[Input material Boundary: Start]
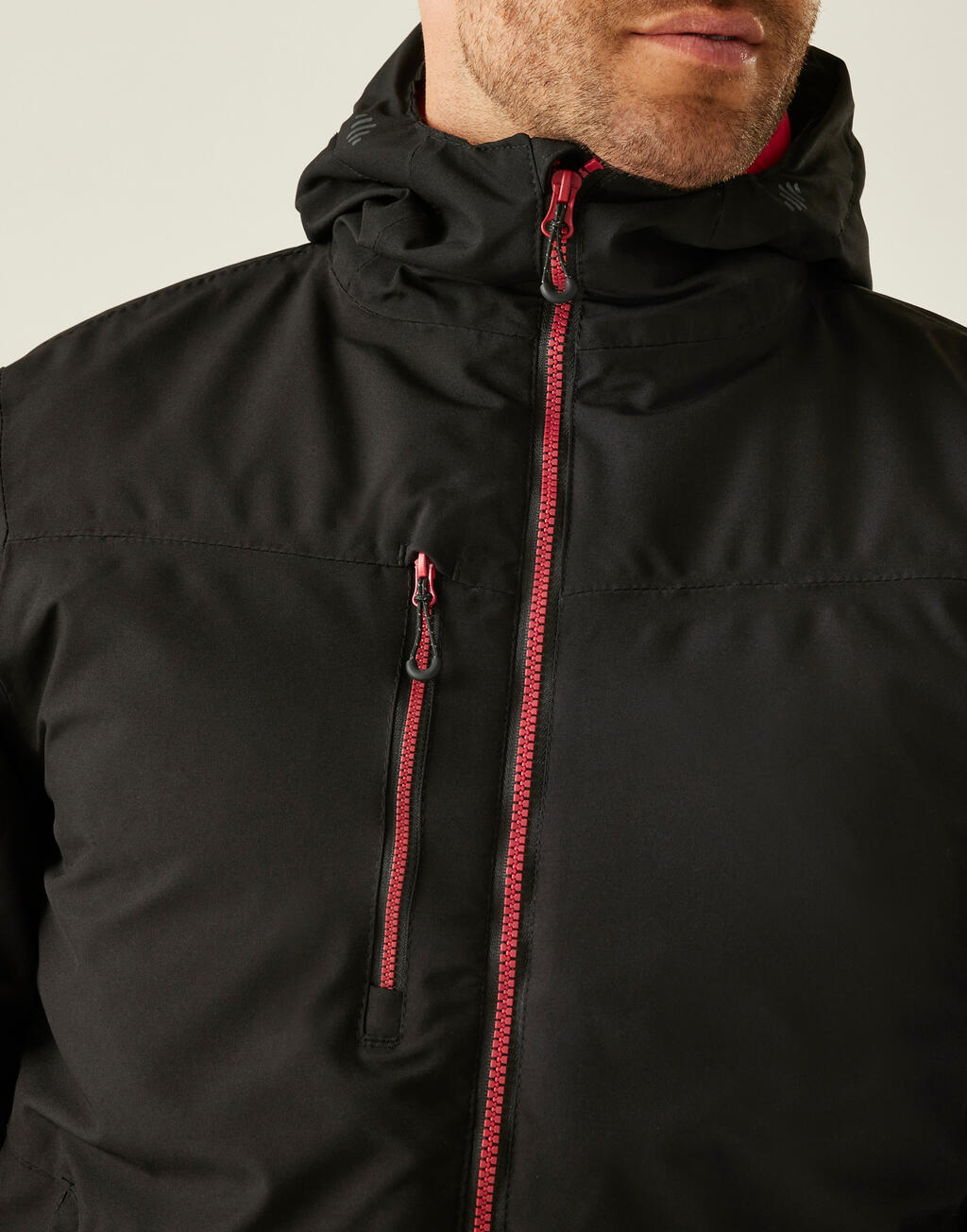 Regatta Professional Navigate Waterproof Jacket - Afbeelding 7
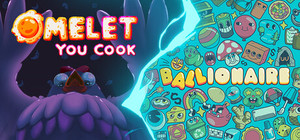 Omelet You Bonk banner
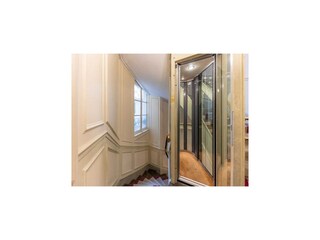 Apartment Paris  11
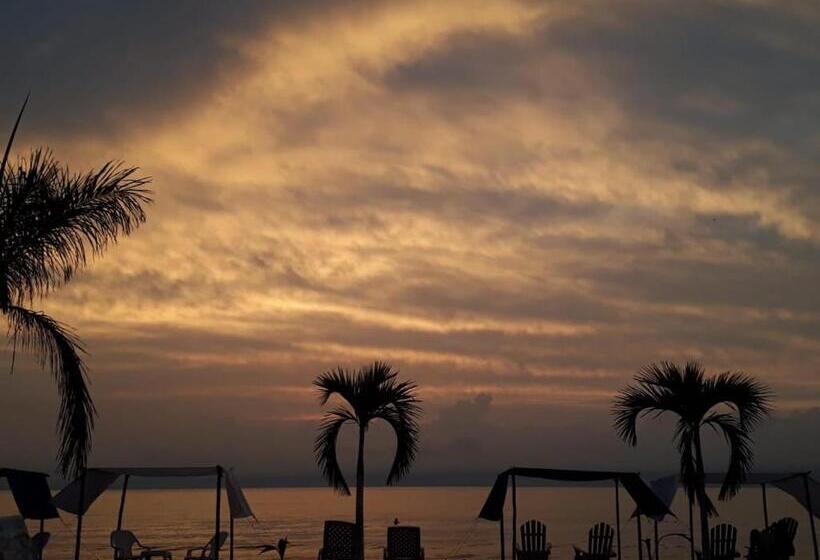 בית מלון כפרי Don Toño Tolú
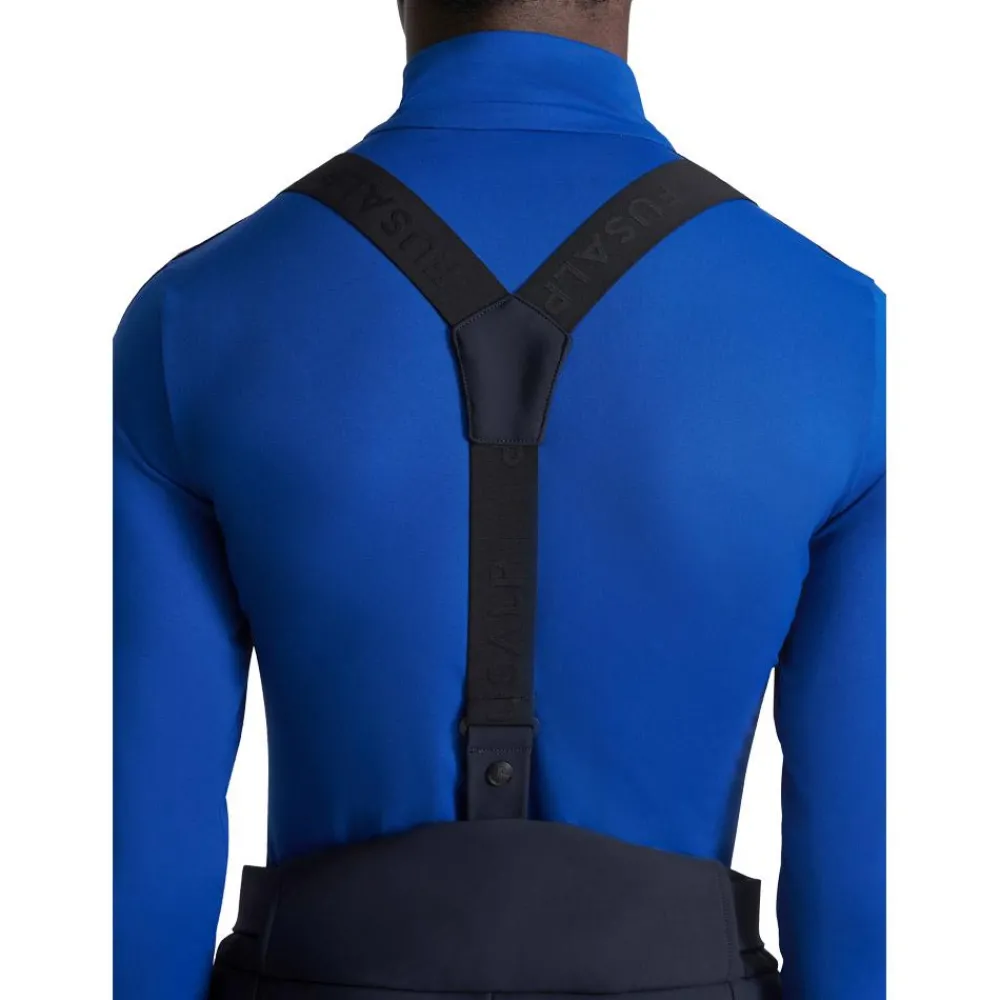 Outlet Pantalon Ski Franz IV Marin Homme Pantalon De Ski|Pantalon De Ski Homme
[Input material Boundary: End]
Omit all pictures, and repeat exactly the lines from the line containing "Omelet You Bonk banner" through the end of the data.

Result for this task:
 Omelet You Bonk banner
 Apartment Paris  11
 בית מלון כפרי Don Toño Tolú
 Outlet Pantalon Ski Franz IV Marin Homme Pantalon De Ski|Pantalon De Ski Homme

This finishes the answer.